_Activity_
Please retype the listing below word for word and exclude its images.

_Dataset section_
- Opening Delimiter -
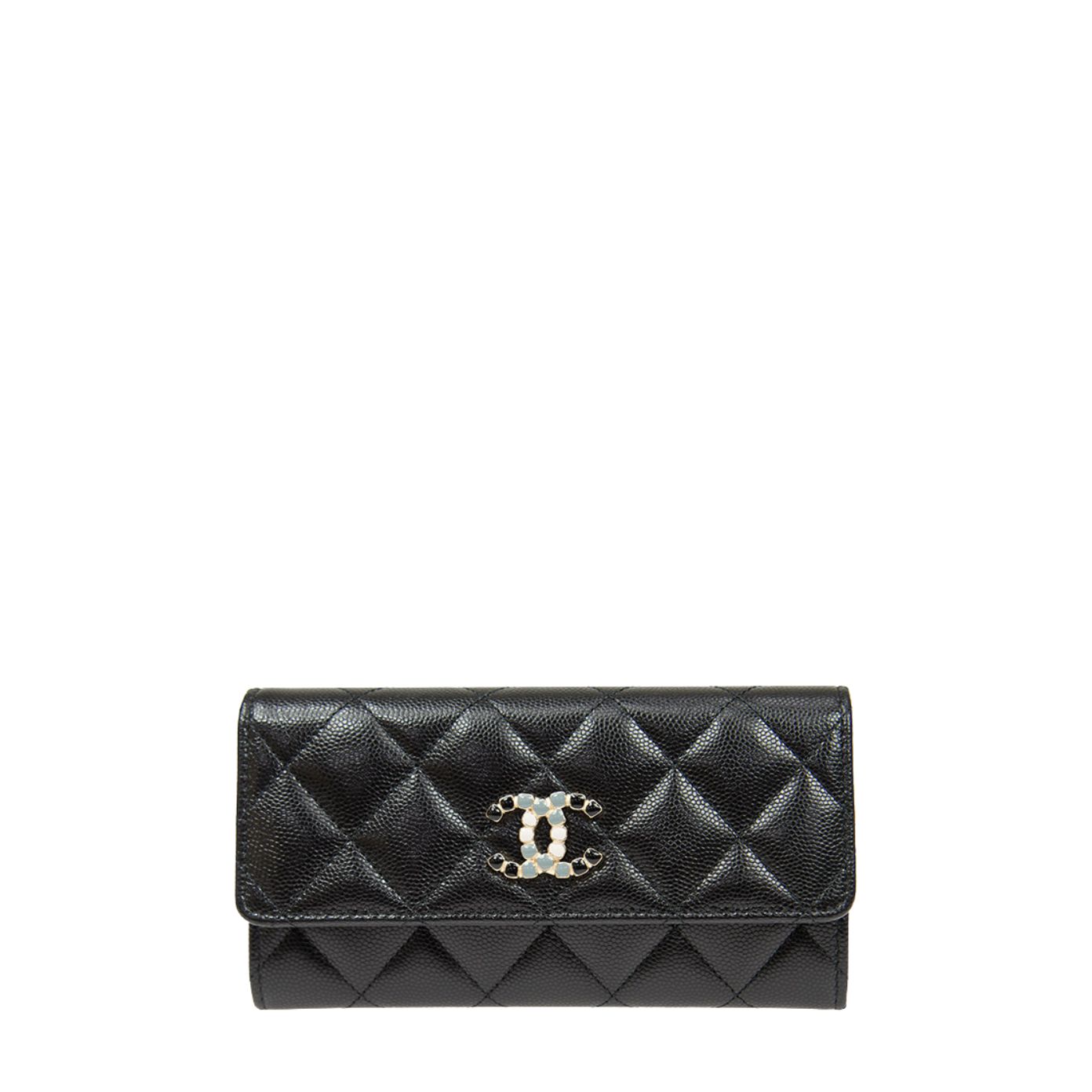 LOUIS VUITTON LONG DOUBLE ZIPPER WALLET DAMIER GRAPHITE CANVAS 19CM (18)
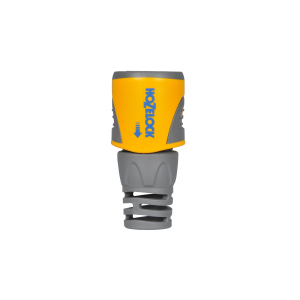 2050 HoZelock Коннектор HoZelock 2050 для концов шлангов Plus (12,5 мм и 15 мм) (10/2430)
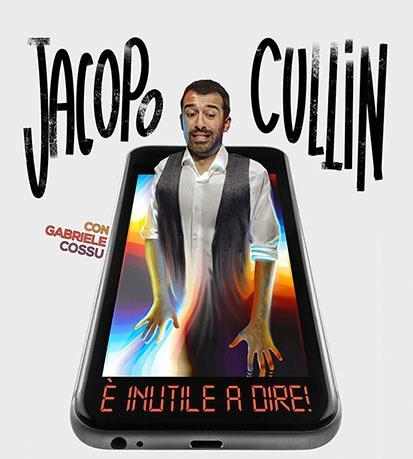 Jacopo Cullin - Nuoro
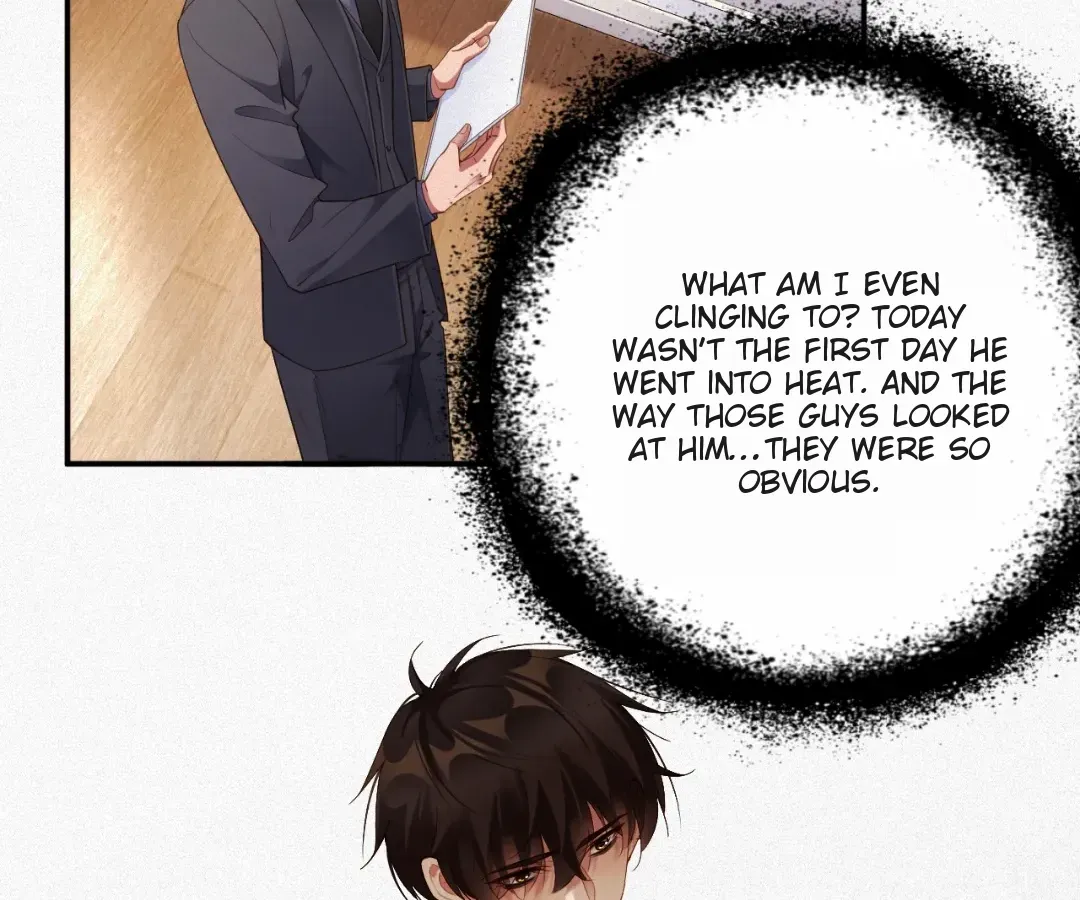 Read Love After the Break chapter 86 image 6 on Lezhin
- Closing Delimiter -
_Answer for this exercise_
 LOUIS VUITTON LONG DOUBLE ZIPPER WALLET DAMIER GRAPHITE CANVAS 19CM (18)
 2050 HoZelock Коннектор HoZelock 2050 для концов шлангов Plus (12,5 мм и 15 мм) (10/2430)
 Jacopo Cullin - Nuoro
 Read Love After the Break chapter 86 image 6 on Lezhin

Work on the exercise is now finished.